Frédéric de Vincelles, general manager of W9, declared that even though all targeted goals were not attained in season 1, the program had still realised some respectable audience figures for the chain, making it the biggest grossing program for the network in 2009.

=== Differences with first season ===
- First season was aired on a small TV channel with limited means. This is not the case with the second season, as the program tries to emulate the successful British edition.
- For this second season, M6 assigned 4 artists to be part of the jury: Christophe Willem, Véronic Dicaire, Olivier Schultheis and Henry Padovani.
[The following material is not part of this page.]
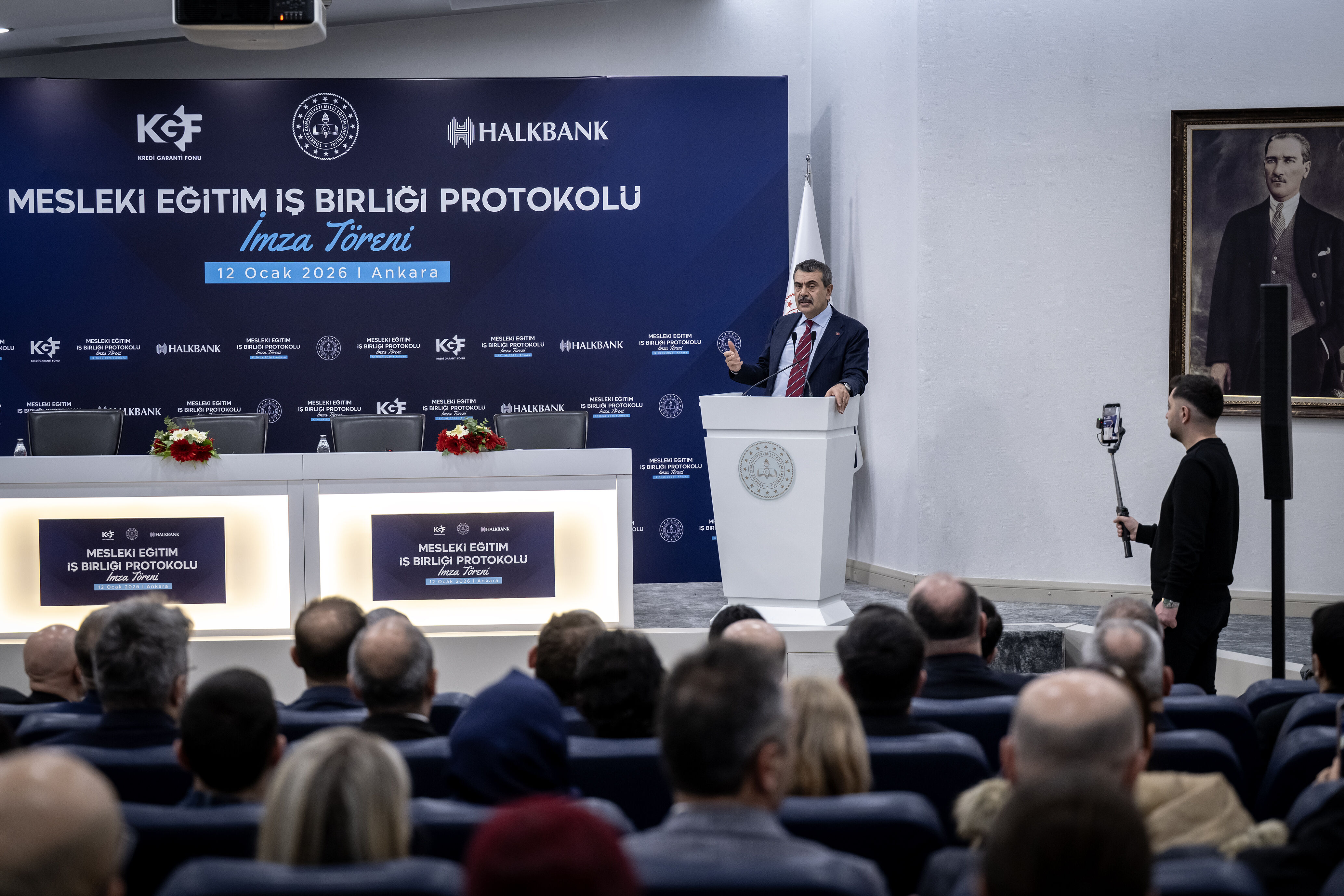 MEB, KGF ve Halkbank arasında 'Mesleki Eğitim İşbirliği Protokolü' imzalandı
All judges are new and replace the old set of three judges Marc Cerrone, Alain Lanty and Julie Zenatti.
- Auditions were held in major French theatres, in public.
- The bootcamp lasted for days and included 3 events: vocal duels, choreography and solos on orchestra-band.
- Two to three French or international popstars are invited each week during liveshows .
- During shows, a second program, named "F@n Factor: Le Prime", is broadcast on the internet to show the backstage and see preparation of candidates and their reactions after singing. So, there isn't an after-show as Xtra Factor.
- Every day, a short program, named "F@n Factor: Le Mag", is broadcast on the internet to show repetitions of candidates with their coaches, and their daily activities.

===Judges and hosts===

For this second season, judges of the first season are not renewed. Also, for the first time, there are four judges (so four categories in competition) :
- Christophe Willem (27 years old) – French singer and songwriter. He sang in a gospel choir and won the fourth edition of Nouvelle Star (French version of Pop Idol) in 2006. He sold over 2 million albums and was nominated several times in NRJ Music Awards and Victoires de la Musique.
- Olivier Schultheis (45 years old) – French conductor, musician and songwriter. He discovered Christophe Maé and composed for Hélène Ségara, Thierry Amiel, Christophe Willem and for musicals (Le Roi Soleil, Mozart l'opéra rock...) and wrote soundtracks for films. He was also a producer of Nouvelle Star (French version of Pop Idol).
- Véronic DiCaire (34 years old) - Franco-Ontarian singer and imitator. She was discovered by Céline Dion and René Angélil and was renowned for her imitations of many voices including Céline Dion, Tina Turner, Lynda Lemay, Lara Fabian, Isabelle Boulay, Christina Aguilera, Cyndi Lauper, Vanessa Paradis and others. She released two albums (with her real performing voice) in 2002 and 2005.
- Henry Padovani (58 years old) – Corsican songwriter, guitarist and manager. He is the founding member of The Police with Stewart Copeland but Sting fired him in favour of Andy Summers. He was the director of IRS Records, where he promoted many groups such as R.E.M., The Fleshtones, The Cramps, and The Bangles. He was also the manager of Zucchero and I Muvrini.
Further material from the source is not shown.